Say Less And Listen More. Learning From The Edges.

I recently heard an amazing story from Paul Bennett, Cheif Creative Officer at IDEO, that illustrated the power of quiet observation, saying less and listening more.

In 2009, Paul traveled to Grameen Bank an hour outside of Dhaka in Bangladesh as part of a corporate tour party, “Inside Grameen”. It was sweltering hot in the small stuffy branch office as various officials spoke about the glowing wonders of Grameen, its local workers, and Grameen Bank’s founder, the much-lauded Nobel Peace Prize winner Muhammad Yunus. The small, sugary tea biscuits and strangely incongruous mini-bananas he was given to eat were melting and swarming with flies. He was surrounded by curious, gentle-eyed locals with gazes fixated on the guest speakers. The tea itself, made with local water, sat there; they were all too afraid to drink it. Paul tried to maintain the impression of being interested, trying to stay engaged, to act respectfully ceremonious, but the phrase “Poverty Tourism” kept ringing in the back of his mind.

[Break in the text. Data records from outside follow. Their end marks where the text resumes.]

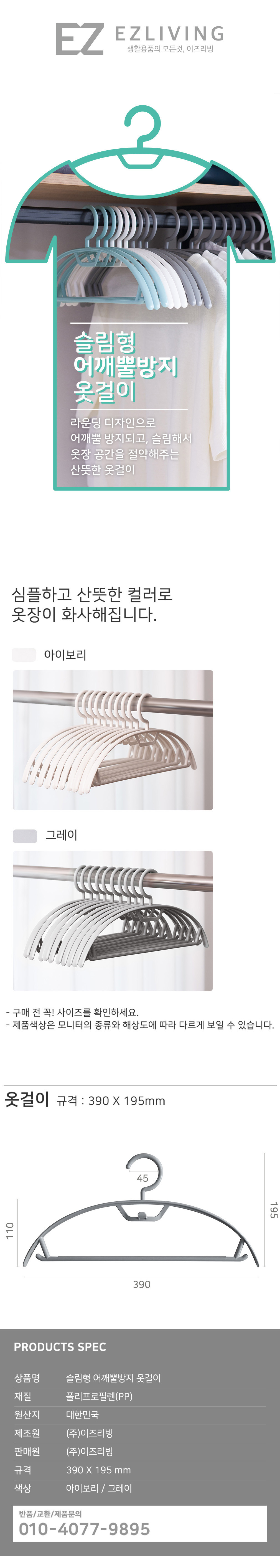 [이즈리빙] 어깨뿔방지 옷걸이 50개 2종 (택1) 상세 이미지 1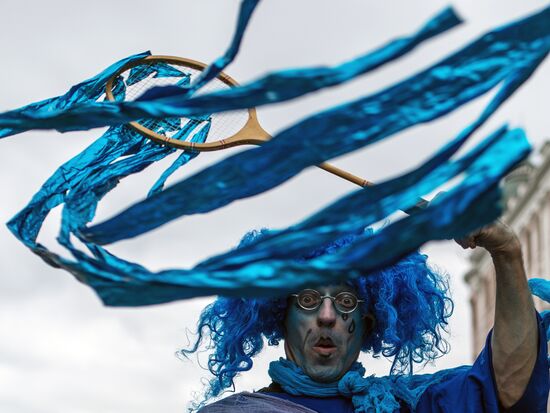 City Day festivities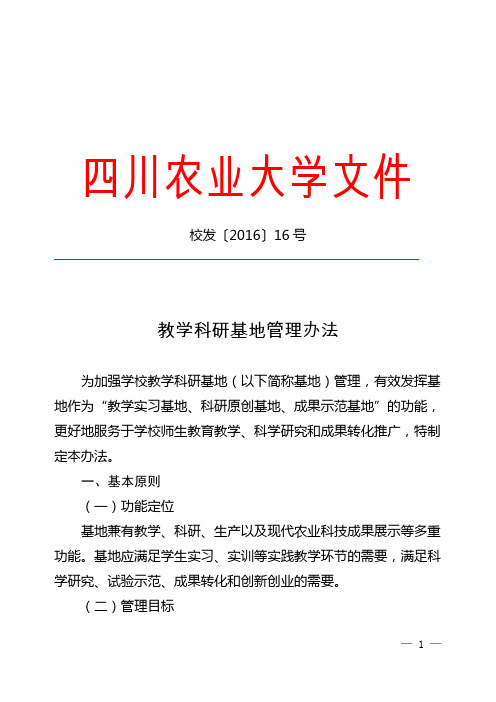 四川农业大学文件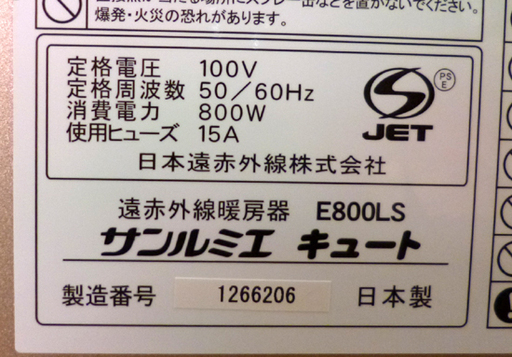 サンルミエ キュート E800LS パネルヒーター 遠赤外線 暖房機 キャスター付き 日本製 ☆ PayPay(ペイペイ)決済可能 ☆ 札幌市 清田区 平岡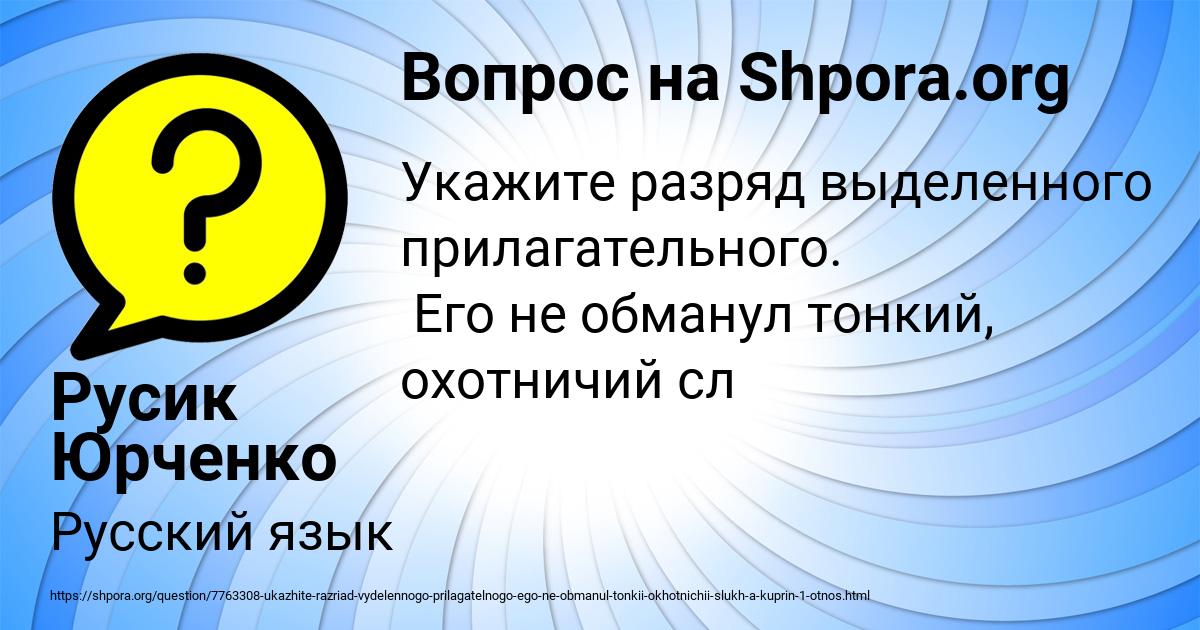 Картинка с текстом вопроса от пользователя Русик Юрченко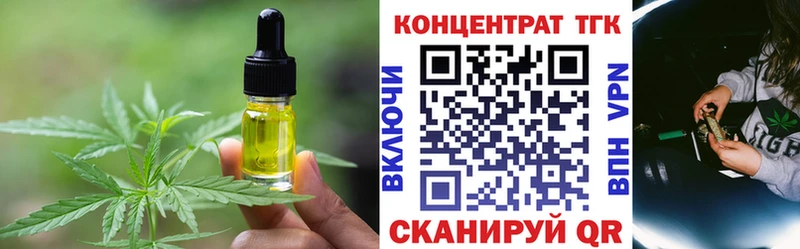 Cannafood конопля цены Меленки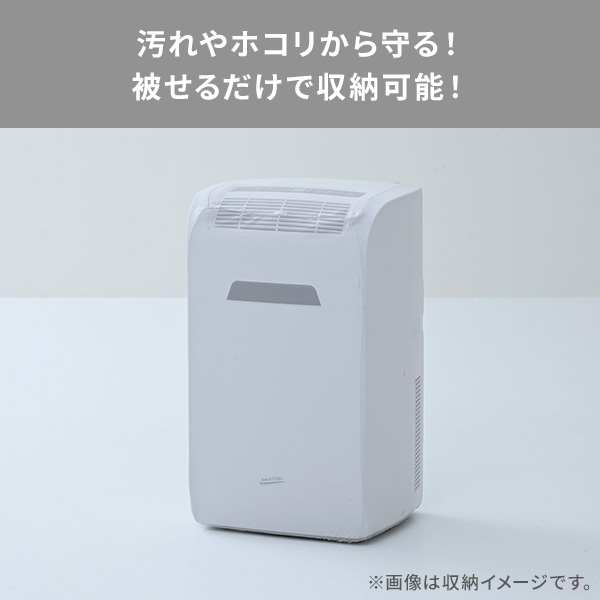 【10％オフクーポン対象】移動式エアコン用 収納カバー ホコリ ゴミ除け 保管 YZ-KC 山善 YAMAZEN
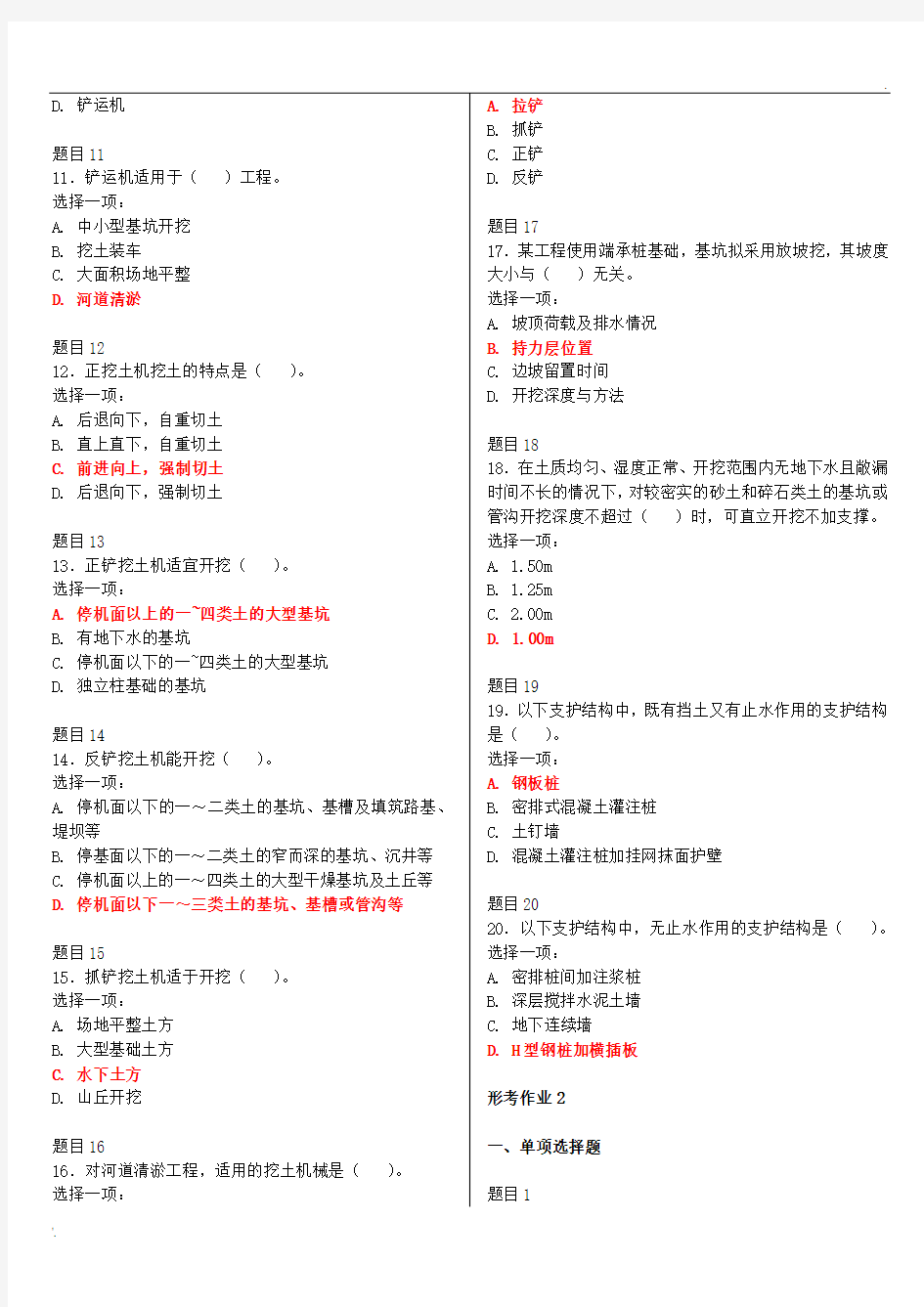 2019国家开放大学《建筑施工技术》形考作业试题及答案1-8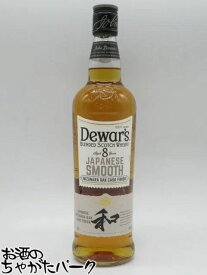 【並行品】 デュワーズ 8年 和 ジャパニーズ スムース ミズナラオークカスク フィニッシュ 並行品 40度 700ml
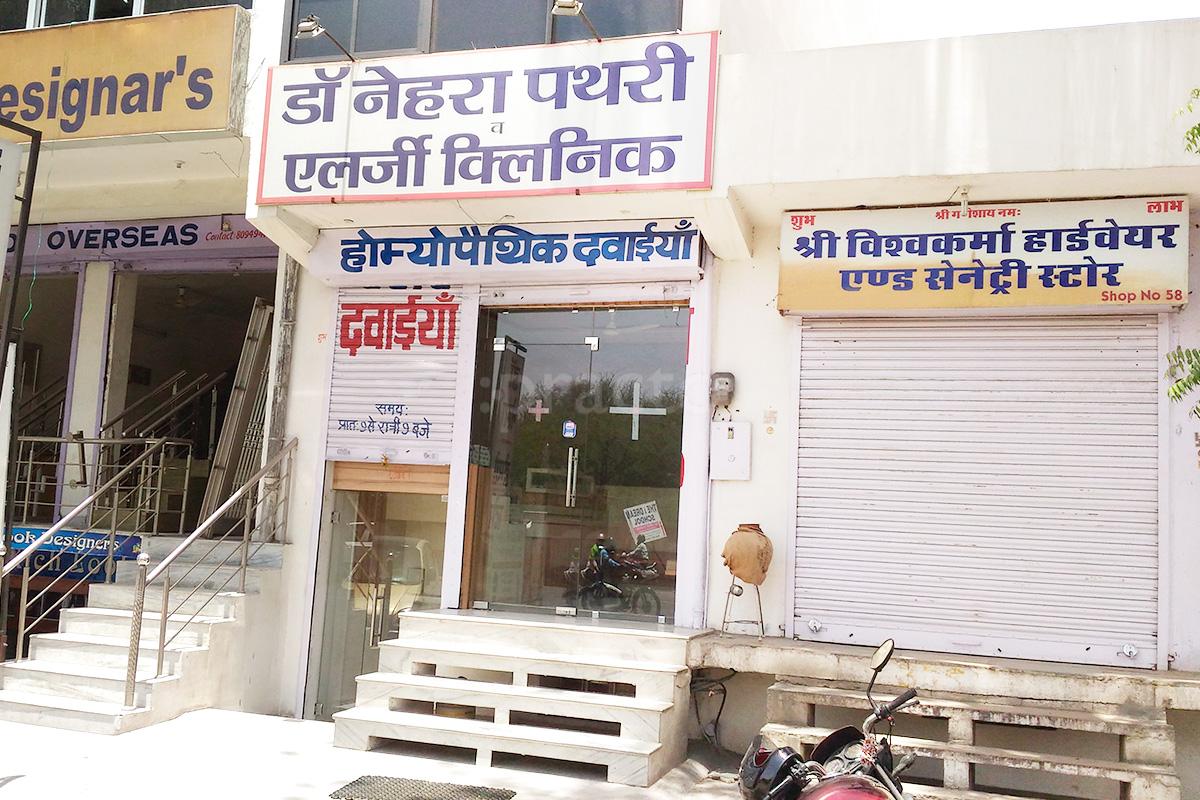 Entrance at Dr. Nehra Pathari & Allergy Clinic Khatipura Jaipur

Sitting in the back of three assembled rows of people was a mother and son. The son was a young man dressed in his smartest shirt and cleanest pants. The mother wore a bright green veil but Paul couldn’t see her eyes; she refused to look at Paul, resolutely staring down. He got the sense that she did not understand much of the hoopla that was going on and probably felt a bit forced into the situation. They were sitting next to two other young men and two young women, all of whom were clearly model Grameen protégés. Each person falteringly told a story of how Grameen had helped them, but it is the story of this mother and son that really stuck with Paul.

Yunus began telling her story, explaining how she was illiterate and did not speak any English, but more importantly, she was consumed by her shame, hence the hanging of her head. She had been a beggar, abandoned by her husband at a very young age and forced to live on the street. One of her three young children had died. She was penniless and had no choice but to beg trawling from person to person for money to feed her children first and then herself. She had often feared that her other children might die.

Eventually, after hearing about it through a local community network, she had asked for and been granted a Grameen Bank “Struggler” Loan. She explained that they are called “Struggler Loans” and not “Beggar Loans” for a reason: because everyone is struggling, some more than others. The loan she took out was the equivalent of $12. With that money, she bought a cow; Grameen’s 16 Decisions philosophy dictates that any money loaned not only goes towards purchases, but more importantly, towards changing a person’s life fundamentally. Although she only earned a small amount of money with the cow she was able to repay her loan plus the accumulated interest. Horrified to learn that they charged a street-beggar interest, Paul later discovered that interest was in itself a form of dignity, that everyone, whatever their circumstances, is taken seriously as a customer and charged accordingly.

After many years, she bought another cow. Following another of the 16 Decisions, Yunus had to put a child through school as part of Grameen’s explicit written social contract that the money was to be “invested” somehow in the borrower’s future. Her future was her son. For years and years she struggled to put him through school, and eventually he was accepted to a university in Bangladesh. And, he had just graduated from college at the top ten percent of his class with a degree in mathematics.

After Yunus spoke, Paul went up to the mother and son. She looked up tentatively through her veil as Paul asked her son for his contact information. Paul said to him: “Your mother must be so proud of you.” “No Sir,” he replied without a moment’s hesitation, “I am so proud of my mother.”

Why did Paul tell me this story? He learned two things from that trip. First, that it’s so rare in life we get to see for ourselves the first-hand impact of the things that we do, but when we do, it’s truly powerful. To truly connect, even if it’s through one person and their story, speaks volumes over any number of anonymous statistics and pie charts. Paul has read countless books and white papers on micro-finance and its effects, but seeing the impact on one family convinced him a million times more than reading about it in print.

Secondly, Paul learned an important lesson about the function of business. A successful business is not about transaction, it is about meaning. It is about empathy, morality and humility. It is not about the quantity of big bold interactions, but the quality of small, intimate ones. Grameen happens to be a bank, but it is operating from a place of higher purpose, to elevate the lives of its customers. As Paul said, “It’s not a bank, it’s a dignity-engine.”

UNCOMMON SENSE OBSERVATIONS

  • Talk less and you’ll hear and see more.
  • There’s always more to the story, if you look and listen closely.
  • Your eyes hear more than your mouth.